Considering only the angles from #0# to #2\pi#, the solutions are #\pi/4# and #{5\pi}/4#. Both solutions have a periodicity of #2\pi#.

Explanation:

Recall the definitions:

  • #sec(x)=1/\cos(x)#
  • #\tan(x)=\sin(x)/\cos(x)#

We can thus write #sec^2(x) + 2 \tan^2(x)# as

#1/\cos^2(x) + 2 \sin^2(x)/\cos^2(x)= {1+2\sin^2(x)}/{\cos^2(x)}#.

We want this expression to equal #4#, so we can multiply for #\cos^2(x)# and get

#{1+2\sin^2(x)}/{\cos^2(x)}=4 \iff 1+2\sin^2(x)=4\cos^2(x)#.

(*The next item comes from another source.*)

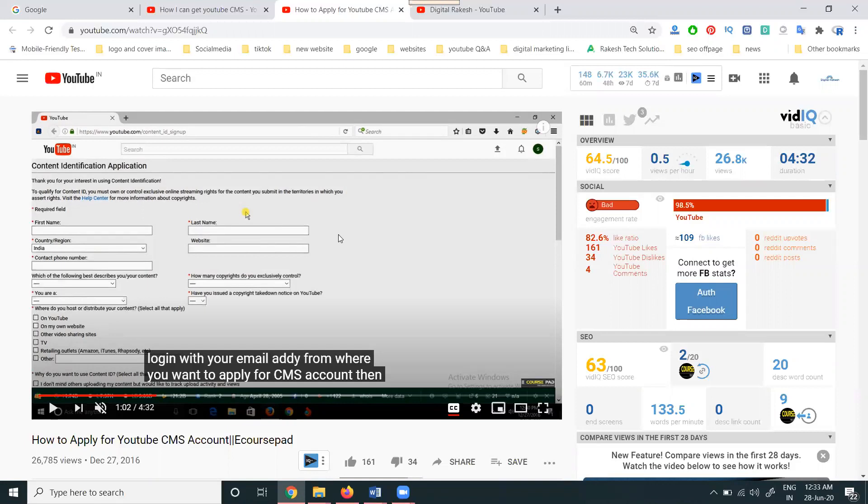Every channel has CMS commonly activated when the channel is monetized. Please watch the complete video to understand what Content ID is. The main purpose of CMS is: if any YouTuber uploads your video to other channels, within a fraction of a second you get a strike. That strike option is called the Content ID option.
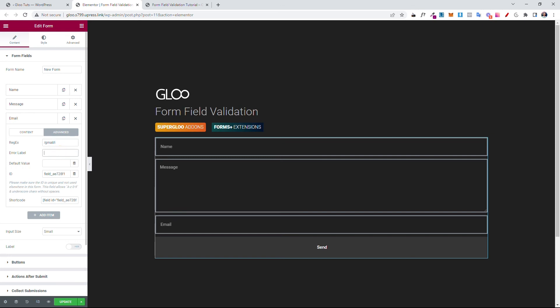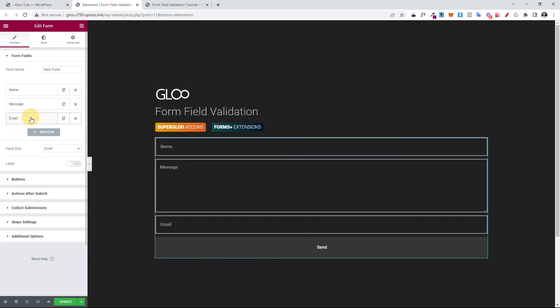Now the next field is an error label. If this does not match, what do you want to return to the user? So error label, let's say, enter a valid Gmail address. Let's close this out. Let's hit update.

Subtracting #\cos^2(x)# from both sides, we have

#1-\cos^2(x) +2\sin^2(x)=3\cos^2(x)#,

and since #1-\cos^2(x)# equals #\sin^2(x)#, the expression becomes

#3\sin^2(x)=3\cos^2(x)#.

Dividing the whole expression by the right member, we have

#{3\sin^2(x)}/{3\cos^2(x)}=1#. Canceling the #3#'s out, and recalling again that #\tan(x)=\sin(x)/\cos(x)#, we finally find out that the previous equation is the same as

#\tan^2(x)=1#, which is verified (considering only the angles between #0# and #2\pi#) when #\tan(x)=1#, i.e. when #x=\pi/4#, and when #\tan(x)=-1#, i.e. when #x={5\pi}/4#